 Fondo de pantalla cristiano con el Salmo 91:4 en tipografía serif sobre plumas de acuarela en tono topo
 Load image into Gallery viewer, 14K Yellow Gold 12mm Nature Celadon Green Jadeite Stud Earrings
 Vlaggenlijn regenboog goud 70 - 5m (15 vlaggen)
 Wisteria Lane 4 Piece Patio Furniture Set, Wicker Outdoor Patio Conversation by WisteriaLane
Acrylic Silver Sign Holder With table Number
* * *
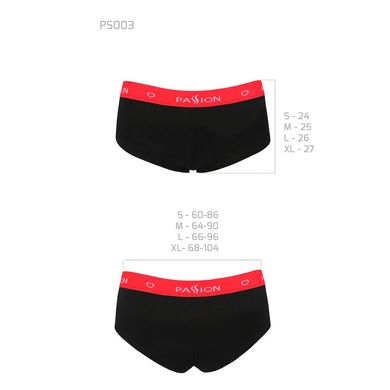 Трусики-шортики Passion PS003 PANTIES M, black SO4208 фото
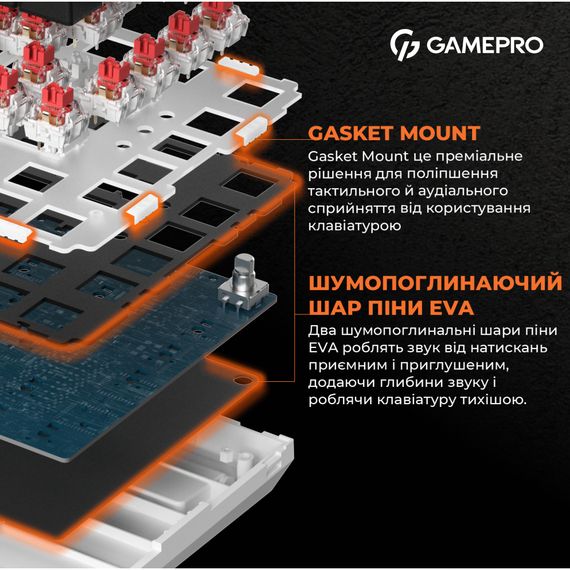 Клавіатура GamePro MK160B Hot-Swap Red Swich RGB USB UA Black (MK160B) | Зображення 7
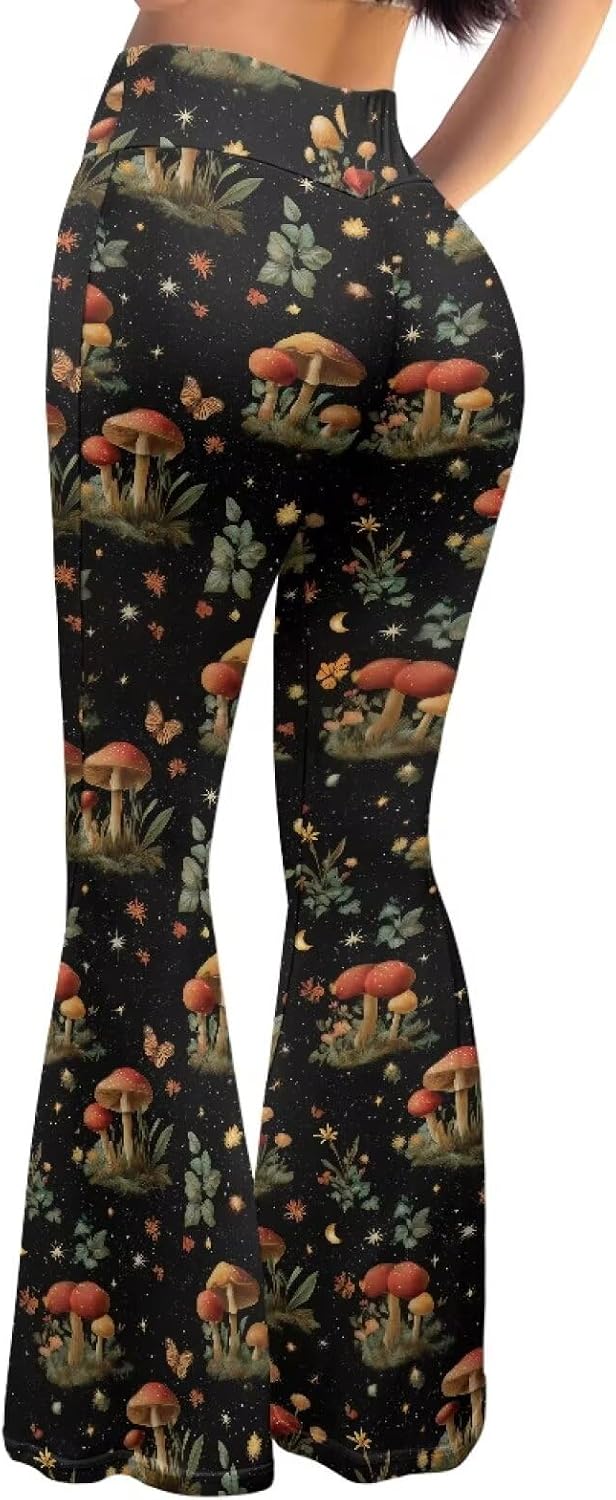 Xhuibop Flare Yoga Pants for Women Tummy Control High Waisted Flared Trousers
* * *
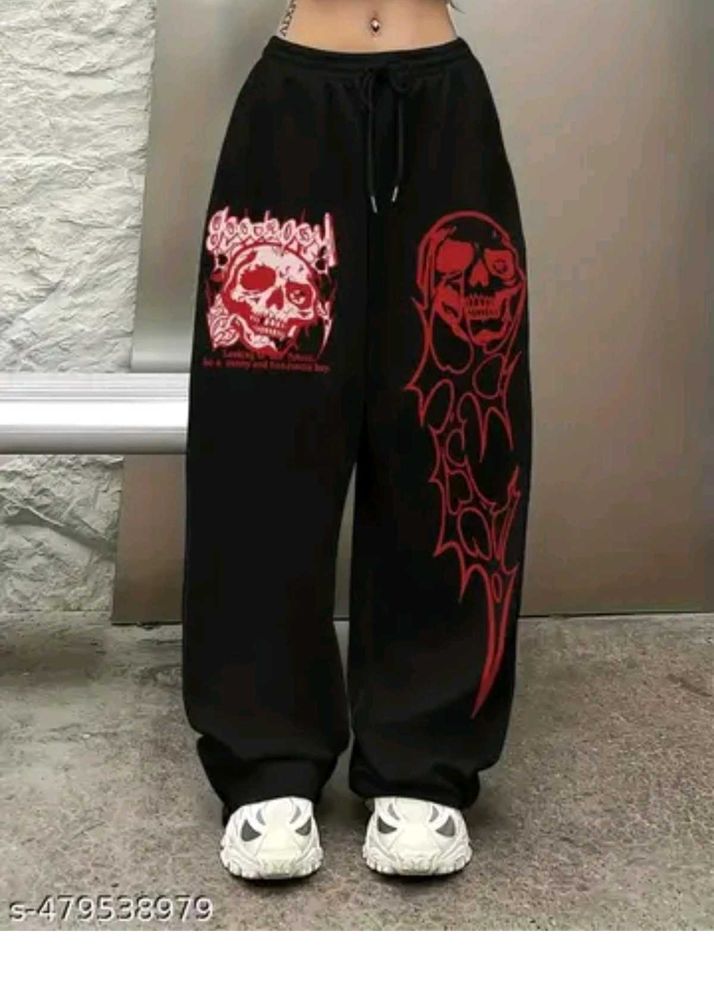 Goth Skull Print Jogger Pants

## Aim of the exercise
Look above for the line holding "Load image into", then set down exactly that line and every line after it up to and including the line holding "Acrylic Silver Sign Holder With table Number", with nothing else.

## Result
 Load image into Gallery viewer, 14K Yellow Gold 12mm Nature Celadon Green Jadeite Stud Earrings
 Vlaggenlijn regenboog goud 70 - 5m (15 vlaggen)
 Wisteria Lane 4 Piece Patio Furniture Set, Wicker Outdoor Patio Conversation by WisteriaLane
Acrylic Silver Sign Holder With table Number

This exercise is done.